▸ Exercise details:
Everything in the data below except the pictures must be repeated word for word.

▸ Stored data:
- - - -
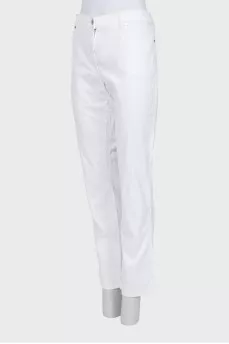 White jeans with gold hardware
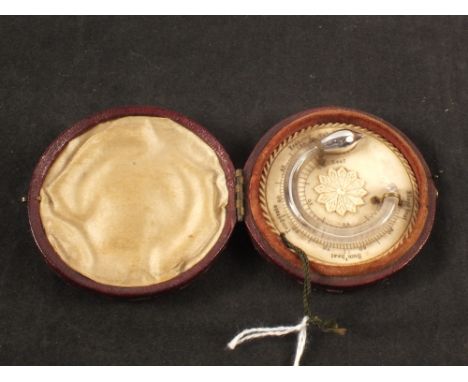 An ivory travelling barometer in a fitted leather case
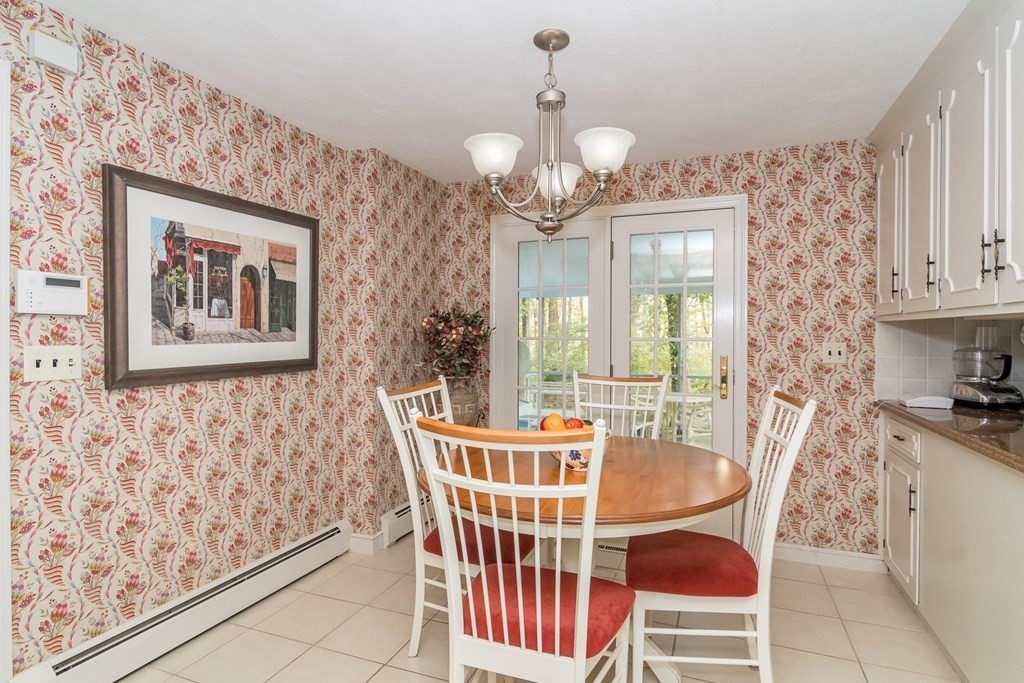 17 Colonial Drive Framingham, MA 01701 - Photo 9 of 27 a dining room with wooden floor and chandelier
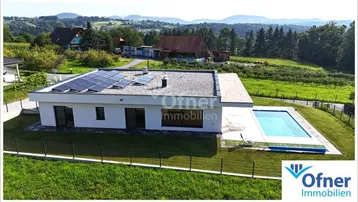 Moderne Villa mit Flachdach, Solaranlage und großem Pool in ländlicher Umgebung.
- - - -
▸ Finished exercise:
 White jeans with gold hardware
 An ivory travelling barometer in a fitted leather case
 17 Colonial Drive Framingham, MA 01701 - Photo 9 of 27 a dining room with wooden floor and chandelier
 Moderne Villa mit Flachdach, Solaranlage und großem Pool in ländlicher Umgebung.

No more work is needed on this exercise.